** What you need to do **
Please transcribe exactly, and only, the lines of the data below between the line holding "Kit Shampoo Anti" and the line holding "Guyana flicka Keychain Nyckelring", inclusive.

======== Data records ========

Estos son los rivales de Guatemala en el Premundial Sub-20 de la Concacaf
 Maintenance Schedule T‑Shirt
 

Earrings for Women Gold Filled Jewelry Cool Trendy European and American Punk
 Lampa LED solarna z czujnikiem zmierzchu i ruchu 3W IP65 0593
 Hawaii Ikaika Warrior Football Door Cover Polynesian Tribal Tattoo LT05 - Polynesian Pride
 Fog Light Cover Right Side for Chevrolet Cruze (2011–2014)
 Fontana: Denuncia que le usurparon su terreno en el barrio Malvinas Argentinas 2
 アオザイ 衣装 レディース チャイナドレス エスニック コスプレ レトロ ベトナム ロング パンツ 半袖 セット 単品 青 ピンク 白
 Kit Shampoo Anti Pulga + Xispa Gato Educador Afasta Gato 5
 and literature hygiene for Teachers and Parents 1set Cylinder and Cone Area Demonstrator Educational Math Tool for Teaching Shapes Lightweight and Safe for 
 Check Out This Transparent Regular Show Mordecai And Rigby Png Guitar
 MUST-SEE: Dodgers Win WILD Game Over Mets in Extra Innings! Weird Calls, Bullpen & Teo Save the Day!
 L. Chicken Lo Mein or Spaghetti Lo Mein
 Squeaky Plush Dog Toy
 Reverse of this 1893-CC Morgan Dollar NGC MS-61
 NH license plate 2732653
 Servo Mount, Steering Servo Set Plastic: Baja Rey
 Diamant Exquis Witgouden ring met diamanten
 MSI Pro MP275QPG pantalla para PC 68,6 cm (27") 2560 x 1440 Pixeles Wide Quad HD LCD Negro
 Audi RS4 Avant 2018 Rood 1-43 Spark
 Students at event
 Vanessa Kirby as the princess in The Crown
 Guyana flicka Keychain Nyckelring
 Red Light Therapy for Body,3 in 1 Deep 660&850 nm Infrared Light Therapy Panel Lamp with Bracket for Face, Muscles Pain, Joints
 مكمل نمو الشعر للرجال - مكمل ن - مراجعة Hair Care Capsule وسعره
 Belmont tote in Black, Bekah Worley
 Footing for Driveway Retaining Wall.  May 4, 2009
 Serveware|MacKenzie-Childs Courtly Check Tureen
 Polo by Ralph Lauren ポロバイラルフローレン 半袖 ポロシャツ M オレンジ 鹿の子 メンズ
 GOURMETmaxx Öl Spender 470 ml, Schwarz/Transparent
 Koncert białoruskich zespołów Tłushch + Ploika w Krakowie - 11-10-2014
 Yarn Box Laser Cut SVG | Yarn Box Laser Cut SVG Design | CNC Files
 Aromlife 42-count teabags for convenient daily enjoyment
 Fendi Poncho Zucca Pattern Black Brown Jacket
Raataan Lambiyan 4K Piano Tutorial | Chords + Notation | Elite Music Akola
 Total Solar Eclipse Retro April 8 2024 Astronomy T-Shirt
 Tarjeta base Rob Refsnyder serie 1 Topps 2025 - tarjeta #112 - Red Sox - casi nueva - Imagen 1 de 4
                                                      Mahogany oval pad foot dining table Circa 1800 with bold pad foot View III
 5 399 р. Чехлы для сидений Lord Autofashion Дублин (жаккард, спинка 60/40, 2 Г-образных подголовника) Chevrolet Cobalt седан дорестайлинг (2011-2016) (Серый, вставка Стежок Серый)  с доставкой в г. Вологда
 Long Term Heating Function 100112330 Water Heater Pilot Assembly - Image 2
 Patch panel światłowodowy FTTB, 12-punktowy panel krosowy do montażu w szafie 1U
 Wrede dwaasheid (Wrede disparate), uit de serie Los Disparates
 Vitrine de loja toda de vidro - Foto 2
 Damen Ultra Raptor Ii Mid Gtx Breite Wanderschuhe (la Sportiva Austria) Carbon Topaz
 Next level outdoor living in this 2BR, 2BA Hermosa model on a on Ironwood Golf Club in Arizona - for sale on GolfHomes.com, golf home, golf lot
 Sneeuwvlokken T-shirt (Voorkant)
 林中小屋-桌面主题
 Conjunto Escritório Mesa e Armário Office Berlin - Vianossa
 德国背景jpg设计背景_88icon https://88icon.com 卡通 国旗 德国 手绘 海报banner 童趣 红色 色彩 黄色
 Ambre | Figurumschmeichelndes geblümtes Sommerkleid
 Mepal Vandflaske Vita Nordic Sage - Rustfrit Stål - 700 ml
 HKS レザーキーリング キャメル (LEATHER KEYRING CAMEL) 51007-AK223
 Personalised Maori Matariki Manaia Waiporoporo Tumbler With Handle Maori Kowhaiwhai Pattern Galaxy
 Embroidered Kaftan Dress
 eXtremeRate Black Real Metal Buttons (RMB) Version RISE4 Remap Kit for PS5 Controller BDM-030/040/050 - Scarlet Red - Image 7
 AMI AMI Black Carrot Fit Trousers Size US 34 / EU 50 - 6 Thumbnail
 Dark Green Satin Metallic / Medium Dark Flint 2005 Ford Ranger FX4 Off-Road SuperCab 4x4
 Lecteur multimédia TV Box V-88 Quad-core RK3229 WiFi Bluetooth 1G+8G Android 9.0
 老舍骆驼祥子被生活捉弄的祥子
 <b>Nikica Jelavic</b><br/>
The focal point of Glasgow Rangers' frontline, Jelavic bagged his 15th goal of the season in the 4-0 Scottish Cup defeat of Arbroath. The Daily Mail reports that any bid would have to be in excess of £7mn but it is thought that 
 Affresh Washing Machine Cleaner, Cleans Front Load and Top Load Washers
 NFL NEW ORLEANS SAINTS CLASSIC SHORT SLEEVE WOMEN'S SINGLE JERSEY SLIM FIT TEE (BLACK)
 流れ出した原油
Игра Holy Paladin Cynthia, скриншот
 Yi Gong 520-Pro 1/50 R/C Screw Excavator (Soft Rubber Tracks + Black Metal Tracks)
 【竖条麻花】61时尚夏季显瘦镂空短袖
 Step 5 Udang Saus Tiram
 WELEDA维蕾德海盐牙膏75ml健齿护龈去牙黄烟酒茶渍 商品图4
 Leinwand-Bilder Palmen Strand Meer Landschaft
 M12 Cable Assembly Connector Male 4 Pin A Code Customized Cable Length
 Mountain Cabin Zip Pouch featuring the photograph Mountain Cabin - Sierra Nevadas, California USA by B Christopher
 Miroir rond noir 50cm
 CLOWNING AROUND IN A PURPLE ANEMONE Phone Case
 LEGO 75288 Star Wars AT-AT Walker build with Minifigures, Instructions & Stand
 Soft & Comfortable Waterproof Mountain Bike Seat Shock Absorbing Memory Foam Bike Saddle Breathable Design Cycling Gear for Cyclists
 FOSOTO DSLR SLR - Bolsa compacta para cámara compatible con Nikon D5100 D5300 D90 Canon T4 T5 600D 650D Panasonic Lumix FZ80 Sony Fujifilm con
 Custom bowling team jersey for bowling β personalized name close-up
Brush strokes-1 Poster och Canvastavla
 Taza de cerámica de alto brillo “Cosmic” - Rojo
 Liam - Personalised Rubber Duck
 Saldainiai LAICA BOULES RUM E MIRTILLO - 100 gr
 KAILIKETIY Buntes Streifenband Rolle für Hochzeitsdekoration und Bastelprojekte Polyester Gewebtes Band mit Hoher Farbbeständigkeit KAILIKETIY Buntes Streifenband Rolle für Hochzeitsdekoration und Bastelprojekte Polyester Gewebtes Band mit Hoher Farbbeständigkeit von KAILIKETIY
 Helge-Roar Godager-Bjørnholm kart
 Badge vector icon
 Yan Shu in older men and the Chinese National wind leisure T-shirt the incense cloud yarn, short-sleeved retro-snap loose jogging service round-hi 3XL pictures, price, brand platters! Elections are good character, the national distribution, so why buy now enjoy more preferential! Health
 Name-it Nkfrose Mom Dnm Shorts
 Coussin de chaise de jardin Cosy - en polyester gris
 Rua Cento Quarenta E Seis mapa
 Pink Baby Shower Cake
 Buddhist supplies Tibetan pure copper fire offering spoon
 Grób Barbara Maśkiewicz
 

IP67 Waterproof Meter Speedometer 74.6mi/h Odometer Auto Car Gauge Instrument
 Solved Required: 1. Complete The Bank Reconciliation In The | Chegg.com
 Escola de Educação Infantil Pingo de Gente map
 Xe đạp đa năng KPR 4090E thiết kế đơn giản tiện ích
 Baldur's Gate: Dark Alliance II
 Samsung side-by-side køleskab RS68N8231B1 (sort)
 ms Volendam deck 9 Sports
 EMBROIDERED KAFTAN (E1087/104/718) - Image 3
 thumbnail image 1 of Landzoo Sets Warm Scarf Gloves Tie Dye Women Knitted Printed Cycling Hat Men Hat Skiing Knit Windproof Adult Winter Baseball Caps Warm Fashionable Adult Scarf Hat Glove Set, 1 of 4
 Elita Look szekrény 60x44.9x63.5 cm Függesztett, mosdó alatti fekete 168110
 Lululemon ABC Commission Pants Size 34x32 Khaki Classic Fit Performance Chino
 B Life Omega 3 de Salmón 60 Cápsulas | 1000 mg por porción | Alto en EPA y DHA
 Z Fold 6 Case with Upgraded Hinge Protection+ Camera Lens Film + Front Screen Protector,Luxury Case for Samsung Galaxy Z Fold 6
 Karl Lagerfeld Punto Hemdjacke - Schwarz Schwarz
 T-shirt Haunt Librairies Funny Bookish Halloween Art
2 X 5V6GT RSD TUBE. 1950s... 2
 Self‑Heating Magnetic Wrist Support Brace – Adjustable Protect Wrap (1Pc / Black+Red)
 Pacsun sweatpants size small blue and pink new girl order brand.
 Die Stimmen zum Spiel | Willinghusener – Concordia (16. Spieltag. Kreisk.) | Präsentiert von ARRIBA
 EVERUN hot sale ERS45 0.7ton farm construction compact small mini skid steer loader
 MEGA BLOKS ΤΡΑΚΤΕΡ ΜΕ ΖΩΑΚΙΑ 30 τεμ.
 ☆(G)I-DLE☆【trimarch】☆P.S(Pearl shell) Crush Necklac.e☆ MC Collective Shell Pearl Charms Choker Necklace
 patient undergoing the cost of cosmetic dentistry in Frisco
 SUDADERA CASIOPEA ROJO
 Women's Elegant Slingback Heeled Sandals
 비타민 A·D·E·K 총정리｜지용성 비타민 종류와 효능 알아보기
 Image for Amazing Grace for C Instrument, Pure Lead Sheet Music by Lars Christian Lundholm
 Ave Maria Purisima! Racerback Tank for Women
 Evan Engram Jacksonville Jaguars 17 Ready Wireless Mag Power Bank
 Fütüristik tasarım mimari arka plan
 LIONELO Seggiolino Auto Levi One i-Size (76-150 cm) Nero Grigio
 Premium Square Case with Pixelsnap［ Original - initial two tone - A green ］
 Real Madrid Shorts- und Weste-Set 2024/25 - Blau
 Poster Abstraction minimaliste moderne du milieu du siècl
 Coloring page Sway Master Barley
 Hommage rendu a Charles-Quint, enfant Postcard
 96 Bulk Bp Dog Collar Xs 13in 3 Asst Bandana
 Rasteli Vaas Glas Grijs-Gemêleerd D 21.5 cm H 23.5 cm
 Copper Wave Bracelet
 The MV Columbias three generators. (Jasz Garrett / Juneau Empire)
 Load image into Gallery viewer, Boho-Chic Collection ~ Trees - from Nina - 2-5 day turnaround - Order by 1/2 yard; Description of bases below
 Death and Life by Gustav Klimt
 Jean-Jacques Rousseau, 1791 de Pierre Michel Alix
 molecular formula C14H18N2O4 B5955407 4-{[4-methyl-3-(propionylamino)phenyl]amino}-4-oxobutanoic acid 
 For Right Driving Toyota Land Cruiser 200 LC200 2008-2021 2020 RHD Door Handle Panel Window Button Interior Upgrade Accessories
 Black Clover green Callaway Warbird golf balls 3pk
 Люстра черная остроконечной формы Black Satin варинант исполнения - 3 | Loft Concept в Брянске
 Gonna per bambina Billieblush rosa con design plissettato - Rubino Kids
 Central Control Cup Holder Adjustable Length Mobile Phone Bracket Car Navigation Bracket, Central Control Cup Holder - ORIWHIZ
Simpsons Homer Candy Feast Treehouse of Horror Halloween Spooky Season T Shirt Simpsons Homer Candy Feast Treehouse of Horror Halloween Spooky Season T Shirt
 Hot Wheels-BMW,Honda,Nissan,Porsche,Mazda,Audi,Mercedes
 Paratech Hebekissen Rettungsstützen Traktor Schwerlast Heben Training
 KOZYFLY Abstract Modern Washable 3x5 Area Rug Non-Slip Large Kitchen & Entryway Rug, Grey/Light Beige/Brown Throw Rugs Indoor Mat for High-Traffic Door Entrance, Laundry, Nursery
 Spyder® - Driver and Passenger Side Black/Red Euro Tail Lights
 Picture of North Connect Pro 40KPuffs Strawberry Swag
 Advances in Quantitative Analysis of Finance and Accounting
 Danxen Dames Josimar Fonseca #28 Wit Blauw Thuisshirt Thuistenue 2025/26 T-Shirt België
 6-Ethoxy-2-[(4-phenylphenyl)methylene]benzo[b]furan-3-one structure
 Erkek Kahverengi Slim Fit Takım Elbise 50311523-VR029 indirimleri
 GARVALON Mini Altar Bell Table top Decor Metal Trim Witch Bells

========

** Exercise answer **
 Kit Shampoo Anti Pulga + Xispa Gato Educador Afasta Gato 5
 and literature hygiene for Teachers and Parents 1set Cylinder and Cone Area Demonstrator Educational Math Tool for Teaching Shapes Lightweight and Safe for 
 Check Out This Transparent Regular Show Mordecai And Rigby Png Guitar
 MUST-SEE: Dodgers Win WILD Game Over Mets in Extra Innings! Weird Calls, Bullpen & Teo Save the Day!
 L. Chicken Lo Mein or Spaghetti Lo Mein
 Squeaky Plush Dog Toy
 Reverse of this 1893-CC Morgan Dollar NGC MS-61
 NH license plate 2732653
 Servo Mount, Steering Servo Set Plastic: Baja Rey
 Diamant Exquis Witgouden ring met diamanten
 MSI Pro MP275QPG pantalla para PC 68,6 cm (27") 2560 x 1440 Pixeles Wide Quad HD LCD Negro
 Audi RS4 Avant 2018 Rood 1-43 Spark
 Students at event
 Vanessa Kirby as the princess in The Crown
 Guyana flicka Keychain Nyckelring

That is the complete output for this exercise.